Yet ever since they became certified classics, Twain’s books—led by Huckleberry Finn, lately joined by Pudd’nhead Wilson (1894), whose theme of racial ambiguity has made it a classroom staple—have been subjected to the test of formal or ideological coherence. It’s a test he cannot pass. Many critics have wanted to know why Huckleberry Finn concludes with a drawn-out “coon game,” with Jim as hapless victim. It seems a case of the tail wagging the dog, and, worse, a relapse on Huck’s part into the childish insouciance with which he had once treated Jim. But the very subject of the book is inconstancy and improvisation. Whenever Huck goes ashore to figure out how far downstream he and Jim have drifted, or to replenish their provisions, he goes in disguise—dissembling, tall-tale telling, so inventive of new identities that he runs the risk of forgetting his alias of the day. Why should he evolve from a prankster into the achieved hero of a bildungsroman?
Others want to know what Twain’s position was on, say, technology, or war, or religion, or the idea of progress. But such questions miss the kind of writer he was—a writer whose only method was to follow his responses to whatever he sees, wherever they lead, often into collision with himself. As Howells put it:
He was not enslaved to the consecutiveness in writing which the rest of us try to keep chained to. That is, he wrote as he thought, and as all men think, without sequence, without eloquence, without an eye to what went before or should come after. If something beyond or beside what he was saying occurred to him, he invited it into his page.
As Twain grew old, he wanted still more latitude. “With a pen in the hand,” he said, “the narrative stream is a canal; it moves slowly, smoothly, decorously, sleepily, it has no blemish except that it is all blemish. It is too literary, too prim, too nice.” He wanted to break free from the chronology of lived experience and to take advantage of what Harriet Elinor Smith, chief editor of the new edition, nicely calls “the disinhibiting nature of talk.” And so, in his last years, he abandoned the pen altogether in favor of a technique he had tried from time to time: dictation.
At first he spoke to a hired “shorthander,” later to a machine (an early “recording phonograph”), then to willing friends and family—his former lecture agent, James Redpath, his daughter Jean, who became a proficient typist—and finally to a series of stenographers, including Isabel Lyon, whose relation to Twain in his late years has long been the subject of speculation.2 The switch from writing to talking doubtless made the project seem less daunting. But he had an artistic motive as well. He wanted to register the way memory actually works—long-ago incidents popping into the mind not by some sequential logic that replicates the order in which they occurred, but through the associative process by which experiences separated by years suddenly show up, unbidden and in a disorderly jumble. To his brother Orion, who was thinking about writing his own autobiography, he made this suggestion: “When you recollect something that belonged in an earlier chapter do not go back, but jam it in where you are.” The more Twain worked at his own memoir, the more he took his own advice.

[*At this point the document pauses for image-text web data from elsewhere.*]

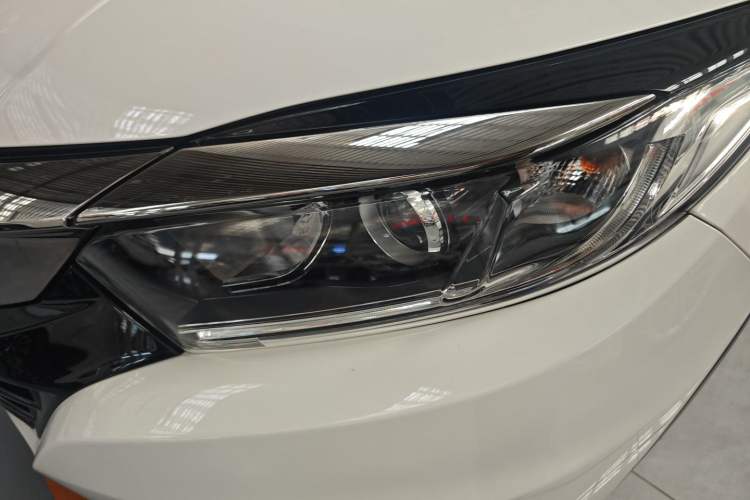 Used Honda Vezel 2020 1.5L CVT Elite Edition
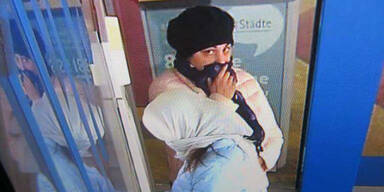 Polizei sucht dieses dreiste Diebes-Duo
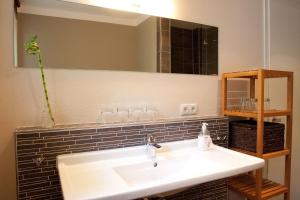 Un baño con un lavabo blanco y un espejo. en die Strandhäuser - Meeresrauschen, en Ostseebad Sellin 2 fotos más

The result is recognizably the work of the same writer who, in Following the Equator (1897), launches into a tirade against Oliver Goldsmith’s The Vicar of Wakefield as “one long waste-pipe discharge of goody-goody puerilities” for no reason other than the fact that the ship conveying him across the Pacific does not contain a copy of Goldsmith’s book in its library. The sight of the Taj Mahal, about whose sublimity he had heard and read too much, sends him back in memory to his first visit many years earlier to Niagara Falls, when, expecting “a sea-green wall of water sixty miles front and six miles high,” he found, instead, the “toy reality” of “a beruffled little wet apron hanging out to dry.”
The practitioner of this associative method was a glaringly, gloriously erratic writer who could have said, with Whitman (whom he warmly admired), “Do I contradict myself?/Very well then I contradict myself.” He was both a fabulist and a realist, a writer of children’s stories and a pornographer who wrote a faux-Elizabethan tale (for private circulation) about a golden age when “pricks were stiff and cunts not loath to take ye stiffness out of them.” He was a memoirist of Southern innocence and yet, as Howells called him, “the most de-southernized Southerner.” He insisted that “no nation, howsoever mighty, occupies a foot of land that was not stolen,” yet he praised the “English resolution and English devotion” of India’s colonial rulers.
4.
So it is fruitless to search the autobiography for coherence or a strong narrative line. These were rarely Twain’s aims—certainly not in this end-of-life work. What he was after, I think, was to cross the “abyss of time” and make the past vivid—in the first instance for himself. To that end, he threw into the work anything that would help: diary entries, texts of his own speeches delivered years before, passages from the touching biography that Susy had begun to write of her father when she was a child, pasted-in newspaper clippings about events that had once caught his interest—everything from the latest pogrom in Russia to the expulsion from the White House of an aggrieved woman who had come seeking an audience with President Roosevelt.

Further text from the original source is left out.